### WHAT THIS TASK INVOLVES:
Print the lines in the listing below starting at the line with "LIMITED EDITION Triple" and ending at the line with "MEETWEE Herren Radtrikot, Langarm", both included. Reproduce them exactly and omit every picture.

### GIVEN RECORDS:

--------

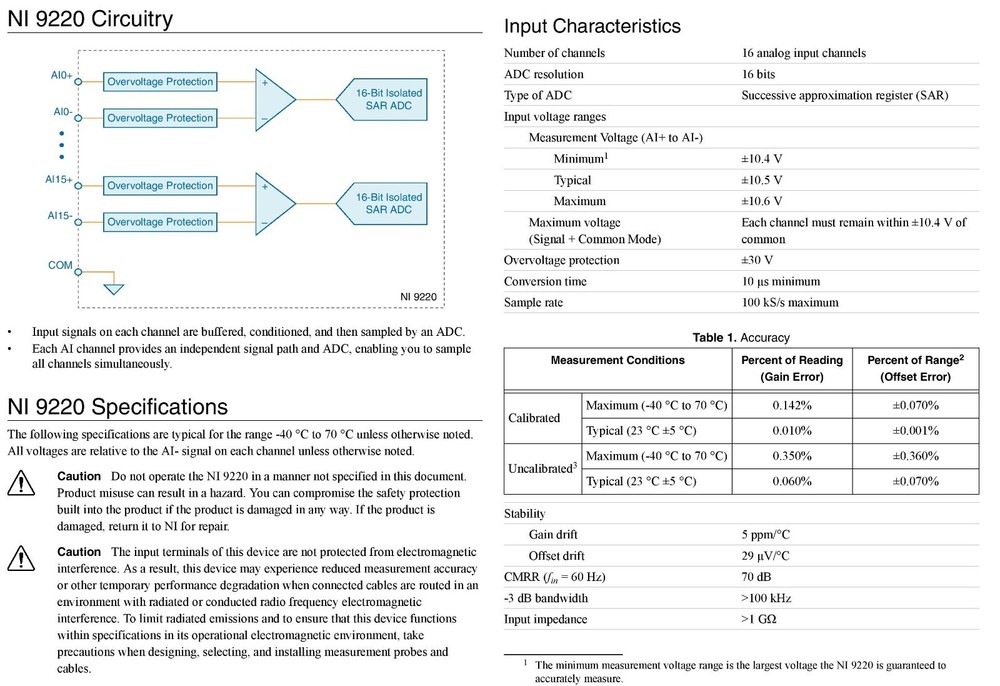 NI 9220 16 AI ±10 V 16 Bit 100 kS/s analog input module CompactDAQ DSUB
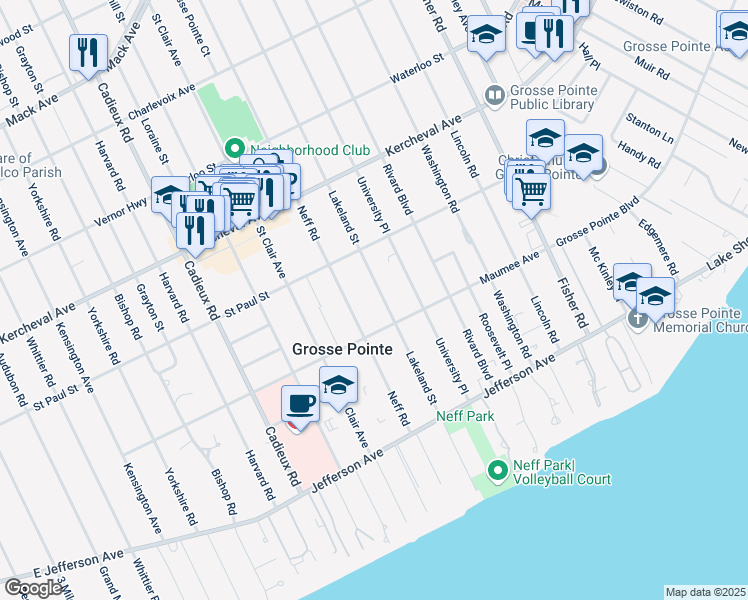 map of restaurants, bars, coffee shops, grocery stores, and more near 450 Neff Road in Grosse Pointe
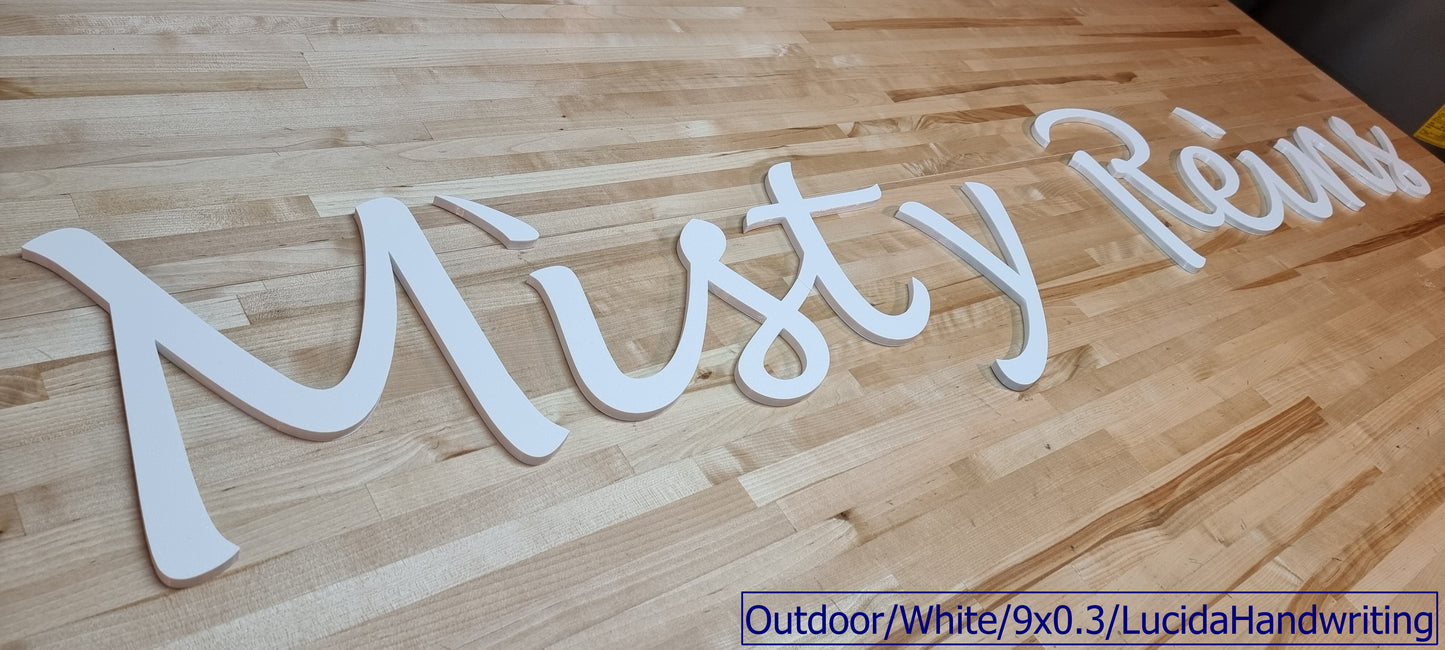 Custom Outdoor Sign Letters - 1/3 Inch Thick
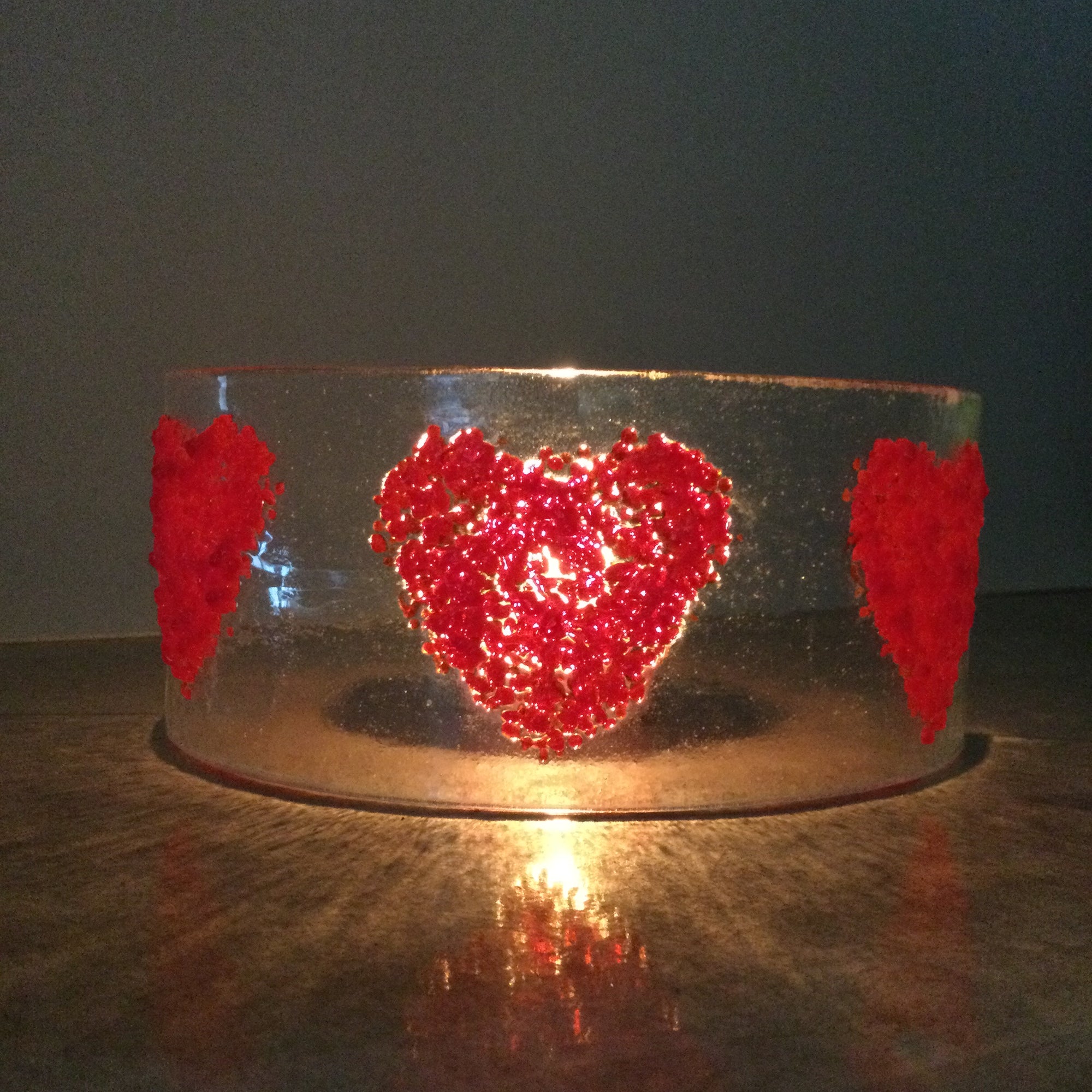 LIMITED EDITION Triple Heart Fused Glass Curve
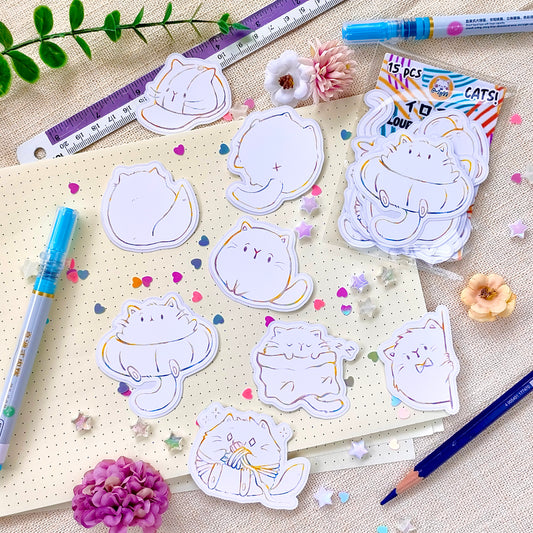 IRONURI: Durable & Very Repositionable Colouring Sticker Pack - Cats!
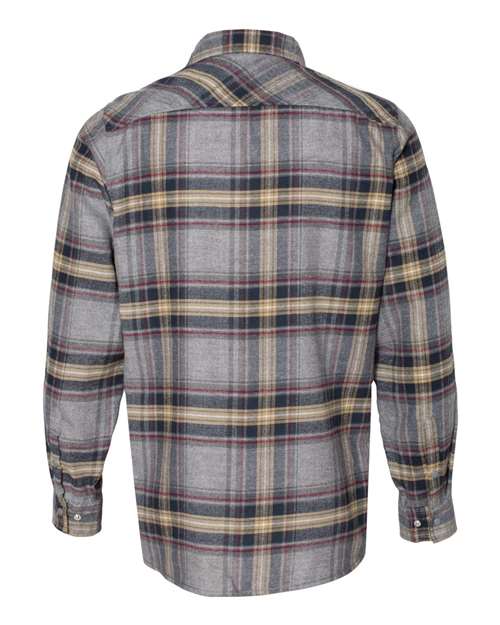Burnside 8219 Snap Front Long Sleeve Plaid Flannel Shirt - Light Grey - HIT a Double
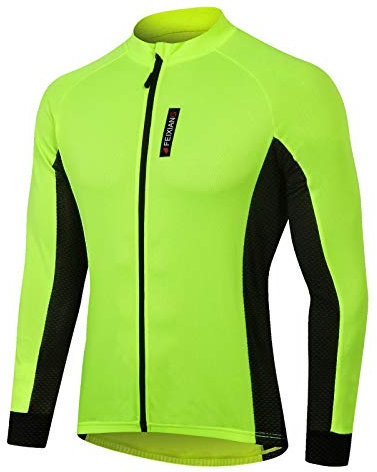 MEETWEE Herren Radtrikot, Langarm Fahrradtrikot Reißverschluss Fahrradbekleidung Radshirt Fahrradshirts für Männer, Atmungsaktive Cycling Jersey Schnell Trocknen Radsport Bekleidung
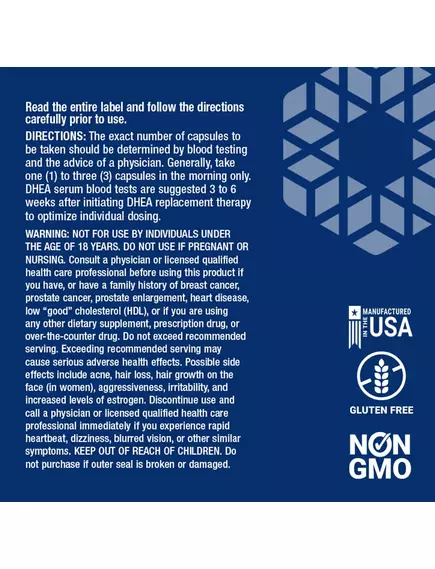 Life Extension DHEA / ДГЭА 25 мг 100 капсул, фото 3 в магазине биодобавок nutrido.shop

--------

### TASK RESPONSE:
 LIMITED EDITION Triple Heart Fused Glass Curve
 IRONURI: Durable & Very Repositionable Colouring Sticker Pack - Cats!
Burnside 8219 Snap Front Long Sleeve Plaid Flannel Shirt - Light Grey - HIT a Double
 MEETWEE Herren Radtrikot, Langarm Fahrradtrikot Reißverschluss Fahrradbekleidung Radshirt Fahrradshirts für Männer, Atmungsaktive Cycling Jersey Schnell Trocknen Radsport Bekleidung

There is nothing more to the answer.